## SOURCE MATERIAL

· · · · · · ·

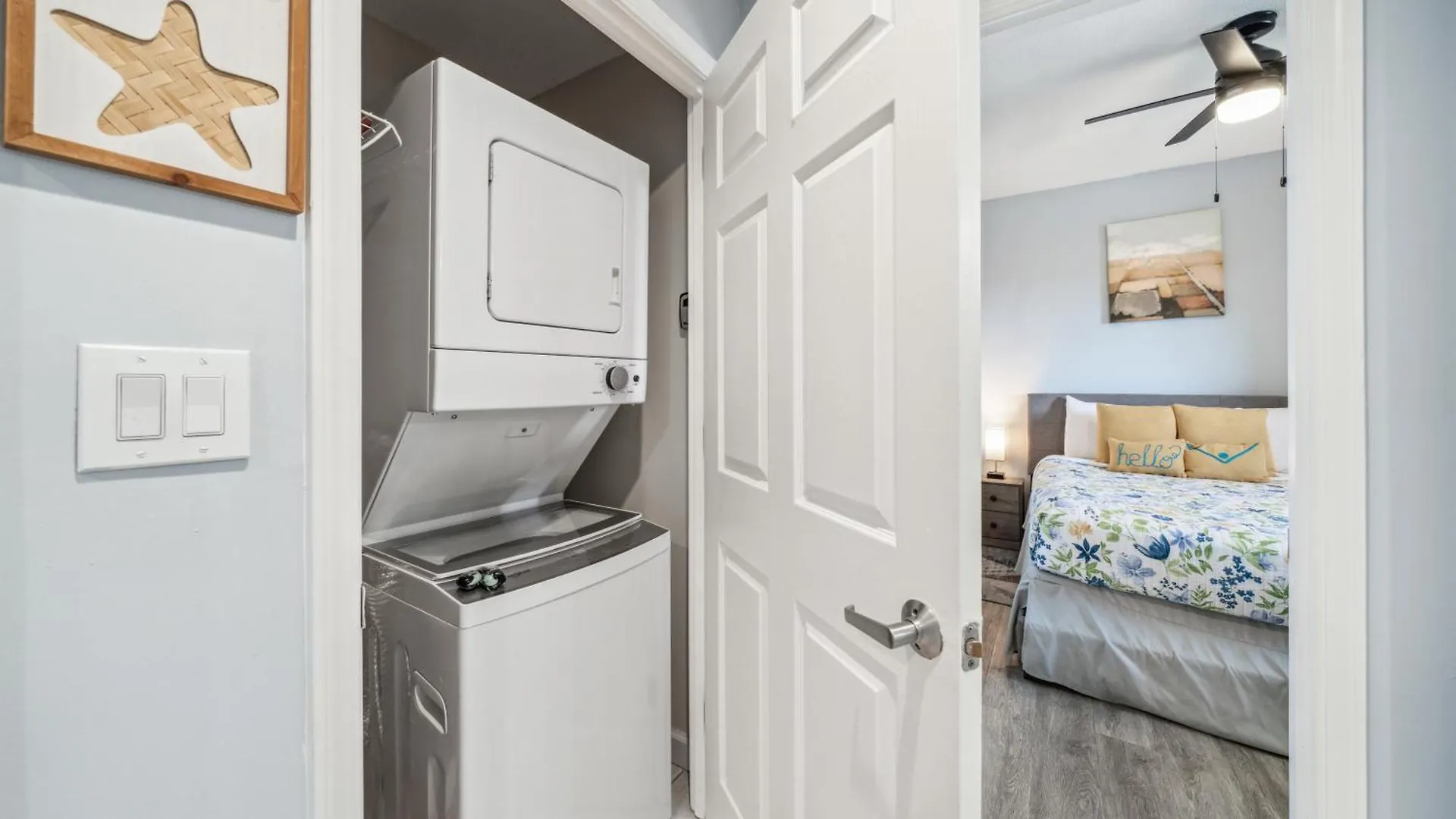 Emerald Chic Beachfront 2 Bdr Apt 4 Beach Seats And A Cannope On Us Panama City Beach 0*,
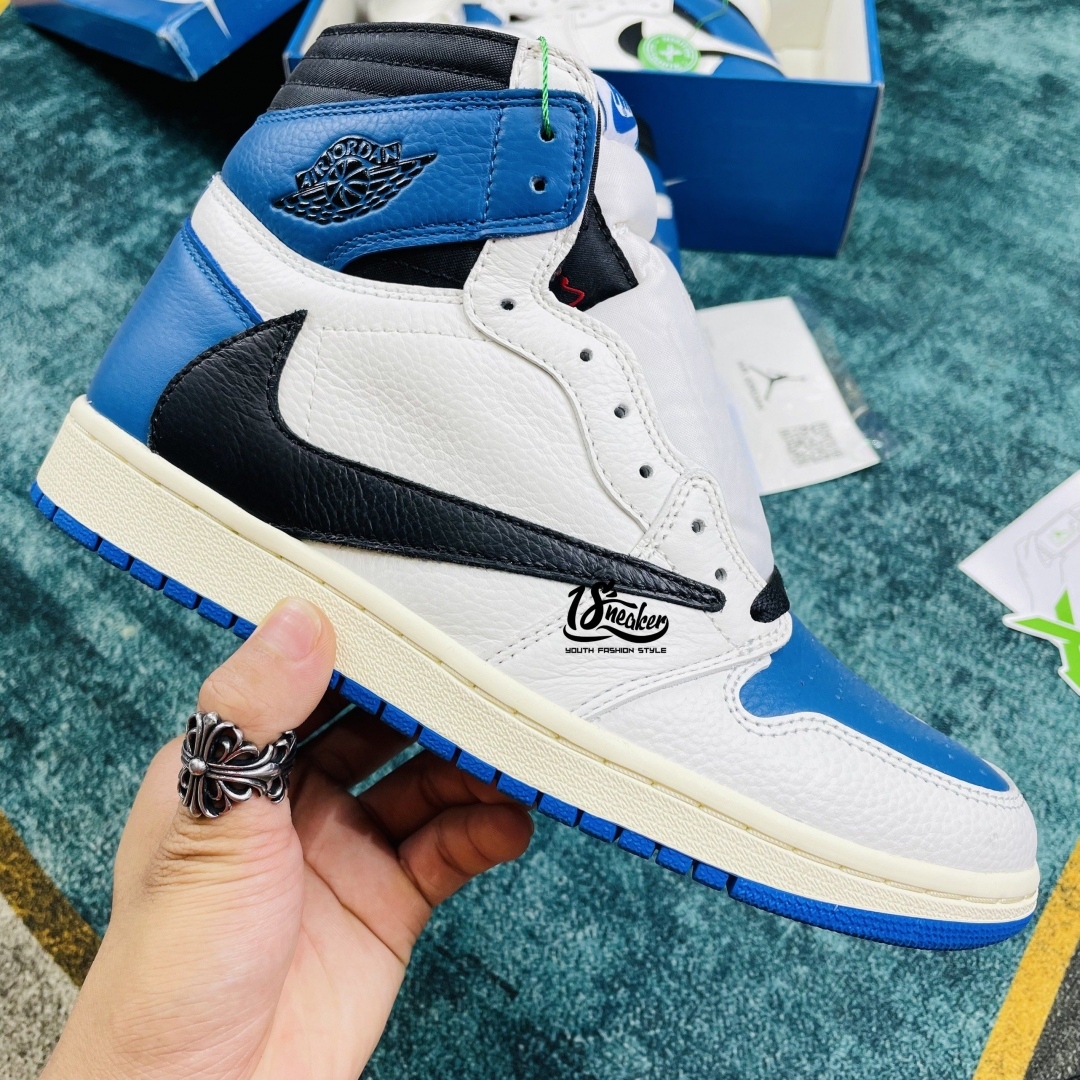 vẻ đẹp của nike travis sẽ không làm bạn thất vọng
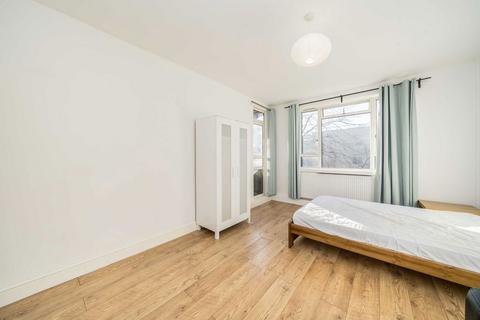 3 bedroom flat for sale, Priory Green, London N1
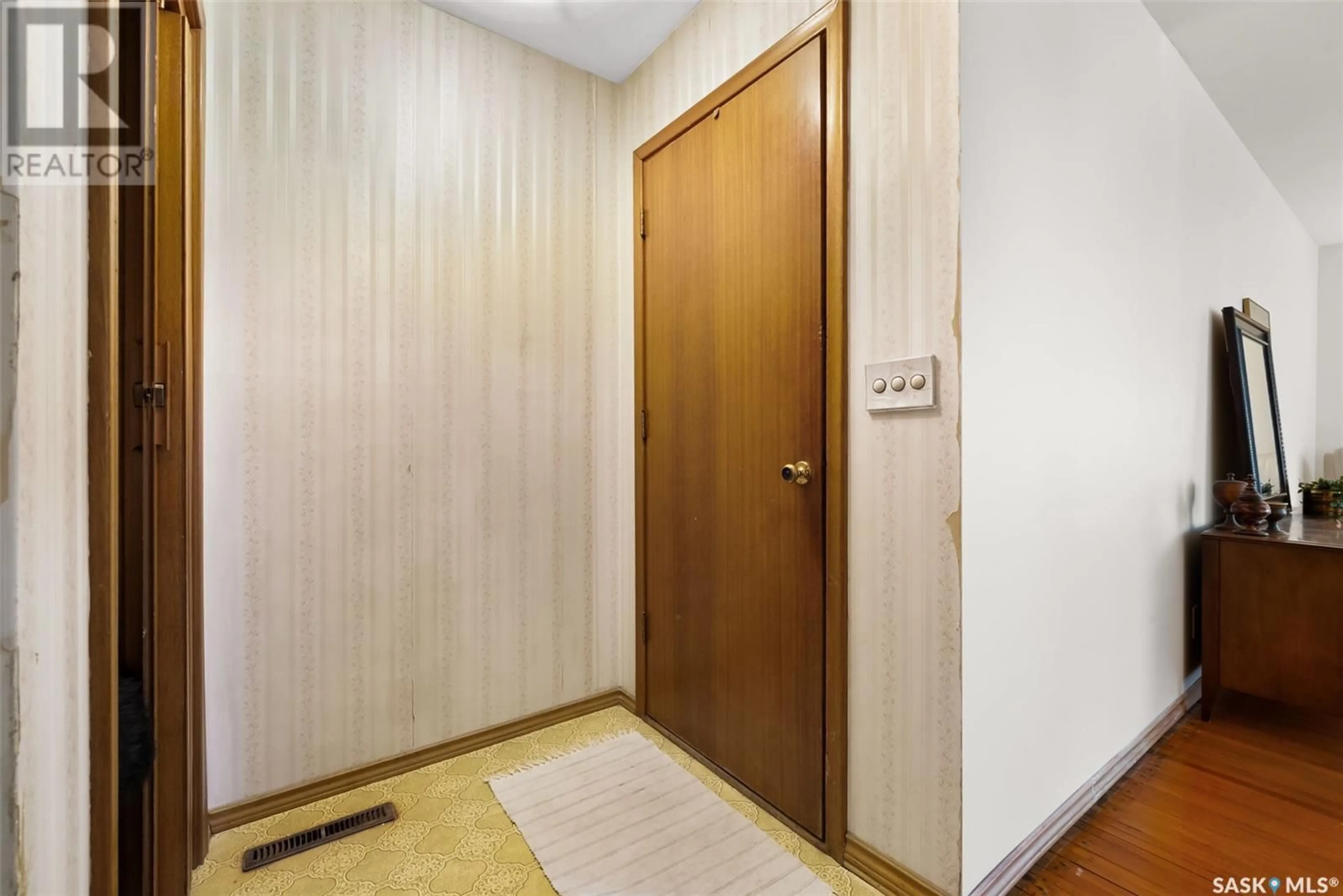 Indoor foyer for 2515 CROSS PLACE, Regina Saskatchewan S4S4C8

· · · · · · ·

## TASK DIRECTIONS
With the images removed, write out all of the material above exactly.

## EXPECTED ANSWER
 Emerald Chic Beachfront 2 Bdr Apt 4 Beach Seats And A Cannope On Us Panama City Beach 0*,
 vẻ đẹp của nike travis sẽ không làm bạn thất vọng
 3 bedroom flat for sale, Priory Green, London N1
 Indoor foyer for 2515 CROSS PLACE, Regina Saskatchewan S4S4C8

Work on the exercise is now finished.